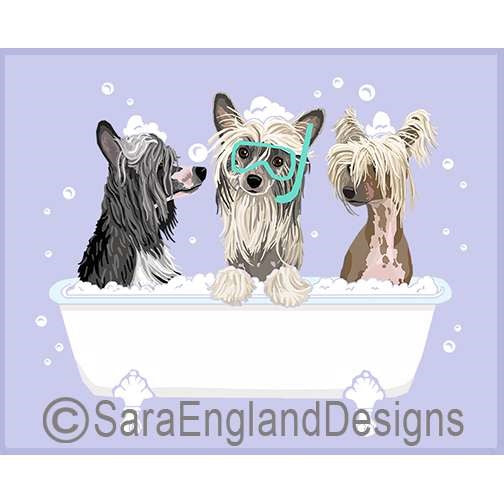 Chinese Crested - Spa Day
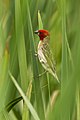 Red-headed quelea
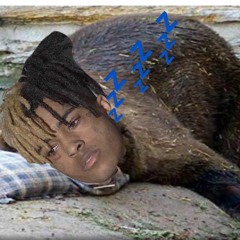 XXXHIBERNATION 😪✨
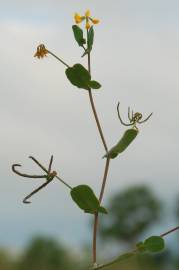 Fotografia da espécie Coronilla scorpioides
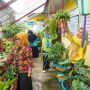 Budidaya Tanaman Herbal, Emak-emak Binaan Pupuk Kaltim Raup Omset Ratusan Juta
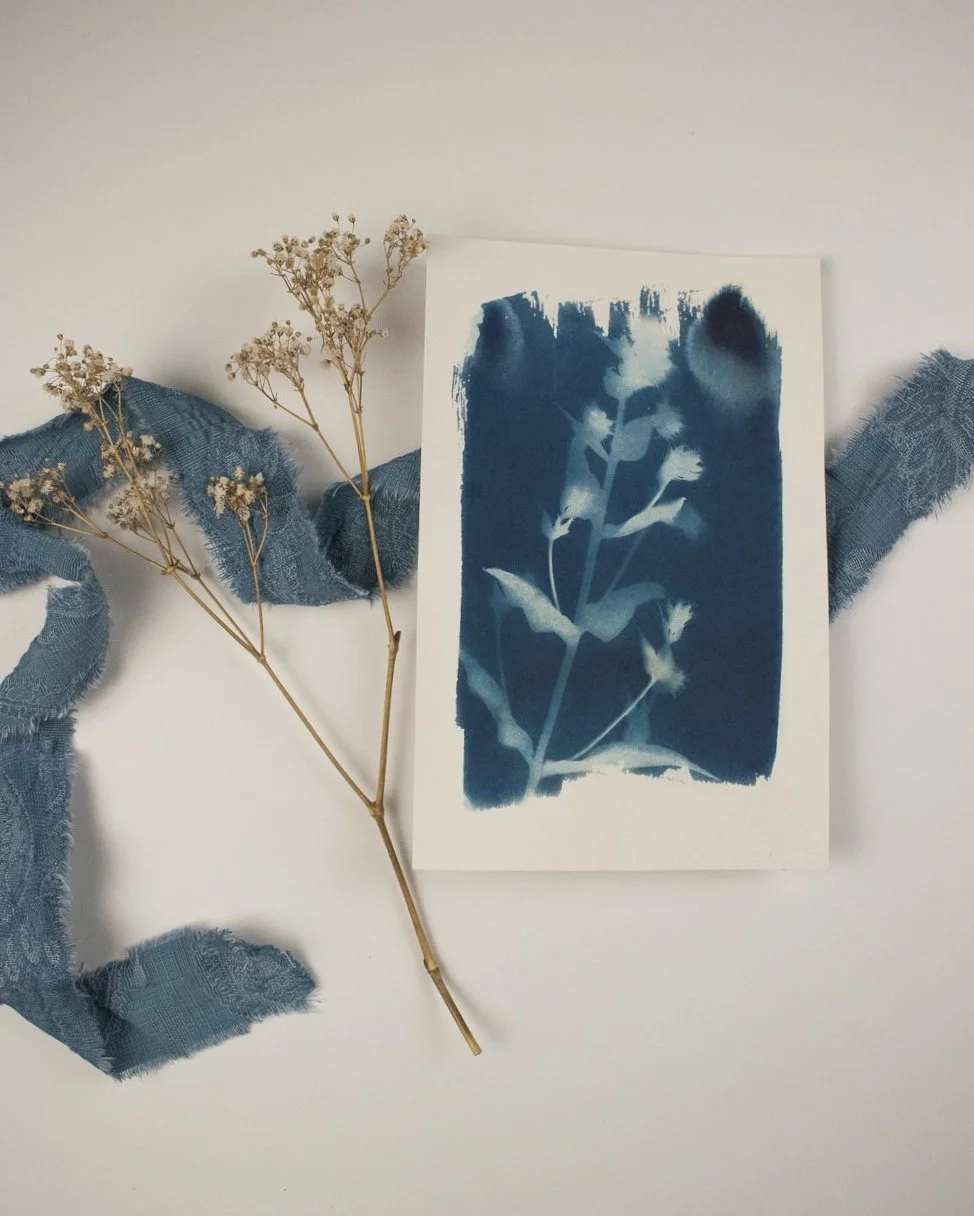 Small Phlox Cyanotype Artwork by Jackie Partridge, 2021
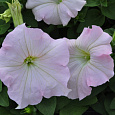 Петуния грандифлора Дримс Эппелблоссом Петуния грандифлора Дримс Эппелблоссом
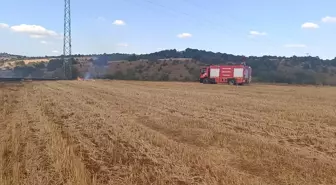 Bilecik'te Anız Yangını Kontrol Altına Alındı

-----

Whatever lies between the first line of the data and the line holding "Петуния грандифлора Дримс Эппелблоссом Петуния", inclusive, should be repeated exactly, apart from the pictures.

 Chinese Crested - Spa Day
 Red-headed quelea
 XXXHIBERNATION 😪✨
 Fotografia da espécie Coronilla scorpioides
 Budidaya Tanaman Herbal, Emak-emak Binaan Pupuk Kaltim Raup Omset Ratusan Juta
 Small Phlox Cyanotype Artwork by Jackie Partridge, 2021
 Петуния грандифлора Дримс Эппелблоссом Петуния грандифлора Дримс Эппелблоссом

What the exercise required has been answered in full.